Hurricane Recovery – Month Four – retirementtransition


Retirement often does not go as originally planned.  There can be surprise health issues with the mindset and lifestyle changes that result from that significant life impact. There are choices to make changes in your retirement plan when things don’t play out as you had hoped, like our Big Move to Florida when the snowbird lifestyle just didn’t feel right. And now, for us, a life-quake trauma (double hurricanes) from Mother Nature, disrupting our new lifestyle. As a Type-A personality (yes, still) I’m struggling with feeling that I should be recovering from this latest trauma more quickly.

Yes, I know. “Should” is a word that I’ve tried to eliminate from my vocabulary!  But at month 4 post the trauma, of double hurricanes, I’m feeling my emotional recovery is not progressing. I continue to Compare and Despair when hearing about other’s house recovery paths. My impatience shows up as a very short fuse with people; hubby and I have had more fights in the past 3 months than the previous 30 years. I feel like I’m becoming mean. And the physical side of things – feeling nausea, having chest constriction, easy tears (flowing even as I type this blog) – just make getting out of bed every morning a challenge.

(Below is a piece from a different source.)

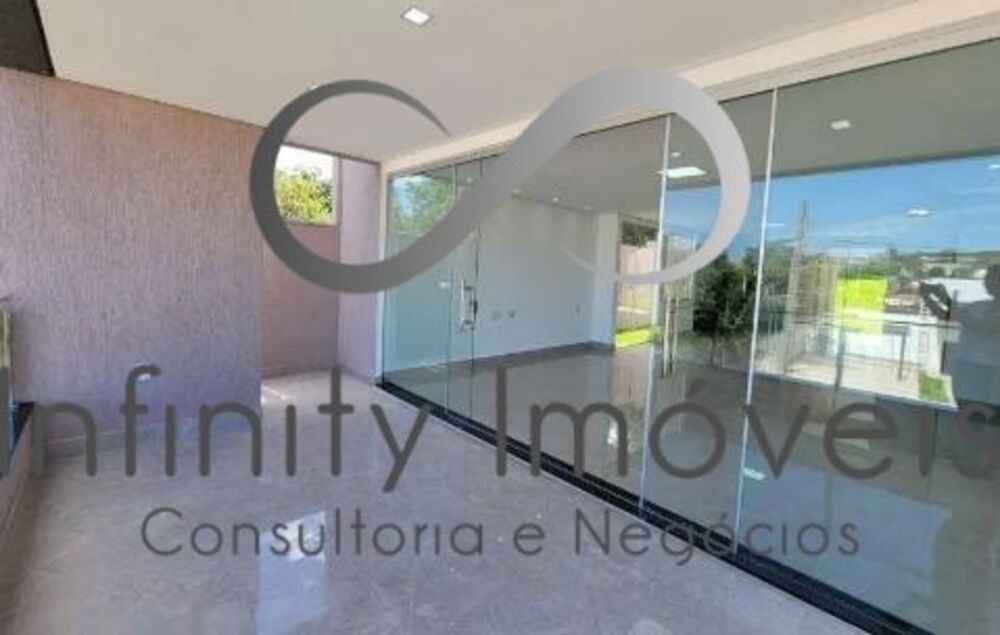 Casa de Condomínio, 3 quartos - Foto 6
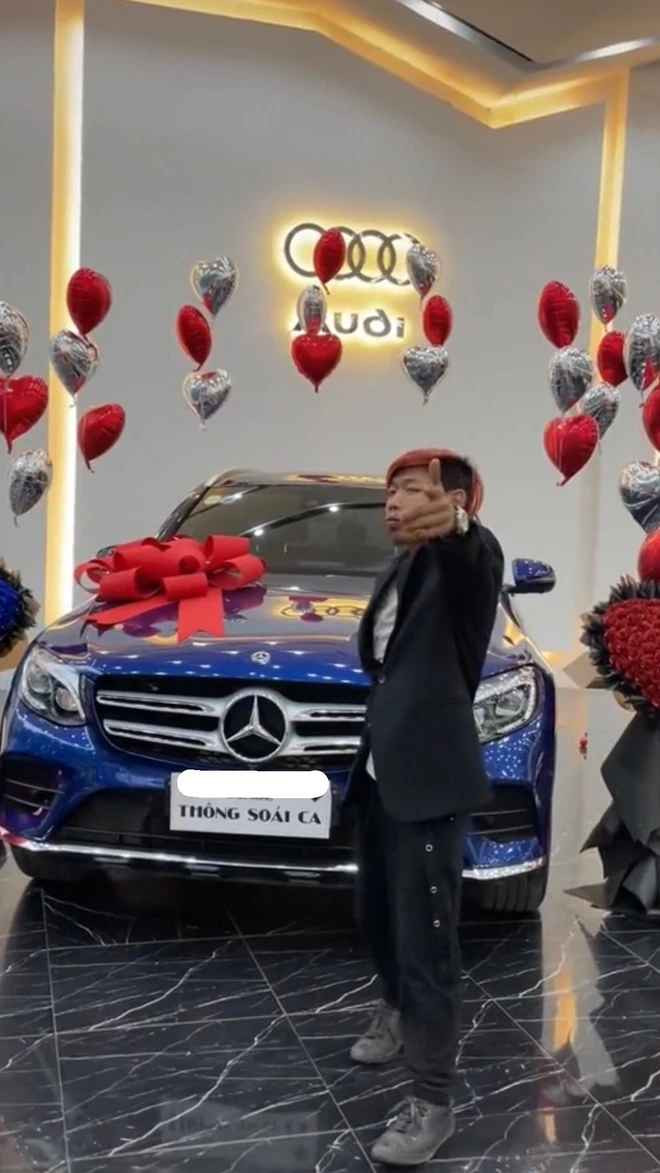 Thông tin Thông Soái Ca diễn hội chợ hiện nhận về rất nhiều bình luận tiêu cực.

I’m doing the things recommended by grief and trauma specialists and that I’ve touted here in the blog (Link here). I did my January “I Did It” accomplishment list to remind myself that I am making small steps forward, I am engaging in my Positivity Practices, I am trying to “live” and not just focus on house recovery. In January, there were 12 new experiences including a few new restaurants (a favorite thing for me), 9 books read, and a return to some of my favorite weekly and monthly routines. I booked some upcoming trips as well. A return to travel was my mindset shift back in September; the blog about that never got finalized nor published!

And yes, there was slow progress on the house recovery. One of those balls I’m juggling (link post here) has actually been fully completed. Woo-hoo! But as we move closer to the build stage, new balls will be added – things like exploring the right elevator and whole house water filtration systems, which were already added to the to-do list. I’m also learning that, “I don’t know what I don’t know!”  The steps in the process are unclear and, unfortunately, still seem to be changing weekly. I’m trying hard to not let those changes or unmet expectations or missed unknowns make me swirl into negativity, but it’s hard!

I have things in February I am looking forward to – a trip to visit with long-term friends is on the top of that list. I have high hopes for some of the house recovery balls to even get done – finalization of insurance payments, finalizing house plans, full house demo (which I expect to be another trauma).  I am also going to see a trauma therapist as I think I need a little more help in the emotional recovery.

There are days I need to remind myself, “Yes, I am strong. Yes, I am resilient. And while right now things feel dark and chaotic and overwhelming, it will all eventually be OK.”  I choose Patience as my WOTY and boy, is it needed!

Thanks for “listening.”  “Telling your story” is another aspect of recovery.